Byline: NICK PAPPS in Melbourne
WITH a simple hug Graham Beveridge's wife and daughter were united in their tragic loss at the Melbourne Grand Prix track yesterday.
Just metres from where the volunteer marshal was killed on Sunday, his wife of 26 years, Karen, and daughter Kelly, 19, held each other and cried.
Minutes earlier they stopped to place flowers by the steel barrier where a tyre ripped through the fence and broke their hearts.
For more than half an hour late yesterday Kelly and Karen walked along the track, near Albert St, holding each other for support as a race official quietly explained what went wrong.
Their silent visit ended a frantic day following the Grand Prix tragedy in which a tyre flew off Jacques Villeneuve's Formula One car and killed Mr Beveridge, a father of three.
Last night, Karen Beveridge spoke about her husband's death. ``He went doing what he loved,'' she said.

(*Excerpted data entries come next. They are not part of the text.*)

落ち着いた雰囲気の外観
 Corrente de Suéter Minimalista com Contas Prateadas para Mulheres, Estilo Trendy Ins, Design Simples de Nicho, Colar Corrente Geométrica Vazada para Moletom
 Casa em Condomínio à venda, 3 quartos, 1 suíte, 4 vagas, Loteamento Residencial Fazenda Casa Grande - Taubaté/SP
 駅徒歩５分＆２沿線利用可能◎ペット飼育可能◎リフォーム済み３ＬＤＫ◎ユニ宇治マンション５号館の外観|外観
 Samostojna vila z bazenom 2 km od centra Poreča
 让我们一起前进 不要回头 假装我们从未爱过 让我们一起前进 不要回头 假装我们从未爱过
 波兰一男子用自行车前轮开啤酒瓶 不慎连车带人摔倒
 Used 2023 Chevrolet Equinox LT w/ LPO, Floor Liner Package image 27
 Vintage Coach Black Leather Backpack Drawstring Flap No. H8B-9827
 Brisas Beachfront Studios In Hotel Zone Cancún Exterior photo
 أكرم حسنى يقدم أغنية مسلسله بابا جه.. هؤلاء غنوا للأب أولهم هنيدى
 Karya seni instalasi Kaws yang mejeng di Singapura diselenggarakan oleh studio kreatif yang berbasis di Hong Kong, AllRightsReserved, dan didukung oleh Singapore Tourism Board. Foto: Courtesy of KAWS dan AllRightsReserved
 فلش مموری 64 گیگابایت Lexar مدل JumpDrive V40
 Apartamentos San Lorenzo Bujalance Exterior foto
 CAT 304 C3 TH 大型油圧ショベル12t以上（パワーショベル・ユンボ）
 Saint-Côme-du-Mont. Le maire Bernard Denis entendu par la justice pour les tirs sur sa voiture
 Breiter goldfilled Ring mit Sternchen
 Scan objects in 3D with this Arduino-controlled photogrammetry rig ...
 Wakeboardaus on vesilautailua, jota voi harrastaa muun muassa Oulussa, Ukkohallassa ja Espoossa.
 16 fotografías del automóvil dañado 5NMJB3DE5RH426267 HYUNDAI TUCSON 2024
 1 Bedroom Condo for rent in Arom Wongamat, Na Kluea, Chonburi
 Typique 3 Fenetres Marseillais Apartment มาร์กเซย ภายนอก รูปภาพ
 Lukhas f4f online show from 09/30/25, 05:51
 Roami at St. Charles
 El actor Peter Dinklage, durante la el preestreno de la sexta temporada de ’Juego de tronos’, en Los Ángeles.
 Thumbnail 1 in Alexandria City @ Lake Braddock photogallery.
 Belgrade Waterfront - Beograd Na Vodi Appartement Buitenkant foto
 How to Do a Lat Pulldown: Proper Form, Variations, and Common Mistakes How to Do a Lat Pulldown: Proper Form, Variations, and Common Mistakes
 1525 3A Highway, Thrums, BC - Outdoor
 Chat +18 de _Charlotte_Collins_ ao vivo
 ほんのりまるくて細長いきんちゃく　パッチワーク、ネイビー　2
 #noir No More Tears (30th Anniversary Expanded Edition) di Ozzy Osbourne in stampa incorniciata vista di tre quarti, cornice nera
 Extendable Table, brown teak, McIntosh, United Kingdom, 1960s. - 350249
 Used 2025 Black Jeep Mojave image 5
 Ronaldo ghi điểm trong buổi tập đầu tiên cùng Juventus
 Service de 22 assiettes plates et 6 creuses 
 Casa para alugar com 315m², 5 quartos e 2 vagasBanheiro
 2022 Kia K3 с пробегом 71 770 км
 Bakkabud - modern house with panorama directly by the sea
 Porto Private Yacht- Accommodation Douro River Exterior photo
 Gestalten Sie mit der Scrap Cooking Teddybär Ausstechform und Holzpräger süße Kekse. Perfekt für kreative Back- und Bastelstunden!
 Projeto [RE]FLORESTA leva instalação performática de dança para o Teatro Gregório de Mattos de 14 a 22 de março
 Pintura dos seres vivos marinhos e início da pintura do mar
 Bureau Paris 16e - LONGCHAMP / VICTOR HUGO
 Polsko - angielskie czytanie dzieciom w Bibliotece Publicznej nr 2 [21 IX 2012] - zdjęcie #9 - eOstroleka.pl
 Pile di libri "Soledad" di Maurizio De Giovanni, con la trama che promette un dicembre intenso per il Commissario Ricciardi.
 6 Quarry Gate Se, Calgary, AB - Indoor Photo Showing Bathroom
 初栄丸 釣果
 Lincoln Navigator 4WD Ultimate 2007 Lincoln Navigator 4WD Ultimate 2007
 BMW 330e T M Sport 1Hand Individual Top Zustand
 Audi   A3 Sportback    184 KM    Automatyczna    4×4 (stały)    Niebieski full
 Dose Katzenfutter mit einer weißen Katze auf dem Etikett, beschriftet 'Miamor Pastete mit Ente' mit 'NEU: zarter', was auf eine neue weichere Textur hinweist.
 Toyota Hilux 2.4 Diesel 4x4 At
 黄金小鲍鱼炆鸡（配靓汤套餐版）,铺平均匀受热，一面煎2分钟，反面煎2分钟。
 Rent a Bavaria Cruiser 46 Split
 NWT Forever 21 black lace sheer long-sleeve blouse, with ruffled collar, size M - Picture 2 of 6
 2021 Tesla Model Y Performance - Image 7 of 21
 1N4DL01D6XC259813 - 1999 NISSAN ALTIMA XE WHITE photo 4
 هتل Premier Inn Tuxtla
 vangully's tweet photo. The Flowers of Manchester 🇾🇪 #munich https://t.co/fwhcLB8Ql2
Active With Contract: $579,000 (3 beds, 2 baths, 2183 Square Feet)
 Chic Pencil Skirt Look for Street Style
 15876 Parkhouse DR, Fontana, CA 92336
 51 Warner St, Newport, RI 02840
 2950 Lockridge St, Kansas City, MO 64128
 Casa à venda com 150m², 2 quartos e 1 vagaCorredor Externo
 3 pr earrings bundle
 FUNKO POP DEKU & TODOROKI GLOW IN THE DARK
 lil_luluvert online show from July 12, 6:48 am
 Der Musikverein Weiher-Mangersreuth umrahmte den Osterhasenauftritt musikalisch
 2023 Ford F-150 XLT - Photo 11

``He knew the dangers of the sport and was passionate about racing.''
Mrs Beveridge said her husband's ``passion as a trackside official was second only to his love of his family,''
Meanwhile, in other developments yesterday:
JACQUES Villeneuve tried desperately to contact the Beveridge family so that he could express his sadness over the death.
POLICE impounded Villeneuve's car for examination in a coronial Inquiry.
GRAND Prix chiefs defended track safety.
FORMULA One drivers Jacques Villeneuve and Ralf Schumacher were questioned by officials over the death.
TRIBUTES flowed for Mr Beveridge from racing officials across Australia.
Graham Beveridge died just five laps into Sunday's race. He had been manning turn three at the track, when Jacques Villeneuve's car was involved in a collision with Ralf Schumacher and was catapulted along the track at 300km/h severing a tyre which hit and killed Mr Beveridge.
Yesterday, Mr Peter Hansen, the head of Australia's peak motorsport organisation CAMS, said Villeneuve tried unsuccessfully to contact Mrs Beveridge.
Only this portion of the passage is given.